Given material below:

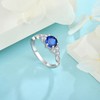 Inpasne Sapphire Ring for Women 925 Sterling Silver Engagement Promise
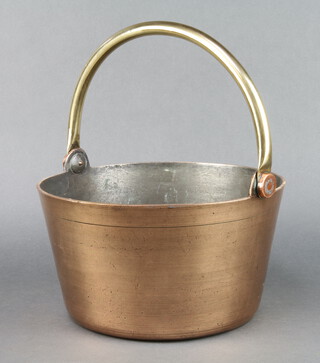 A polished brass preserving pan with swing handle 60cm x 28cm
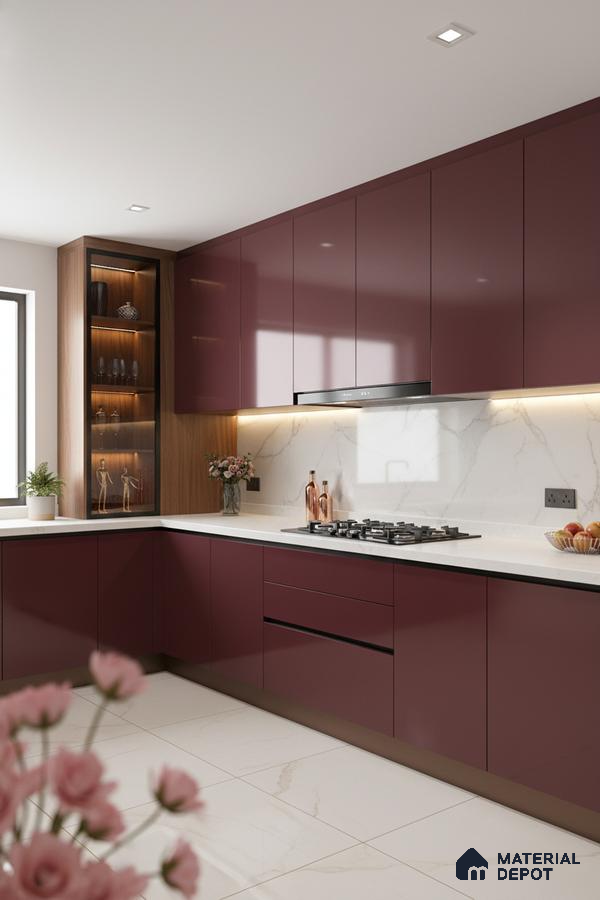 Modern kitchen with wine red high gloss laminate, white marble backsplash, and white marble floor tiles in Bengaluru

End of Given material.

-- Exercise directions --
Exactly repeat every line from the line that includes "A polished brass" to the end of the listing, and nothing else, leaving pictures out.

-- Task output --
 A polished brass preserving pan with swing handle 60cm x 28cm
 Modern kitchen with wine red high gloss laminate, white marble backsplash, and white marble floor tiles in Bengaluru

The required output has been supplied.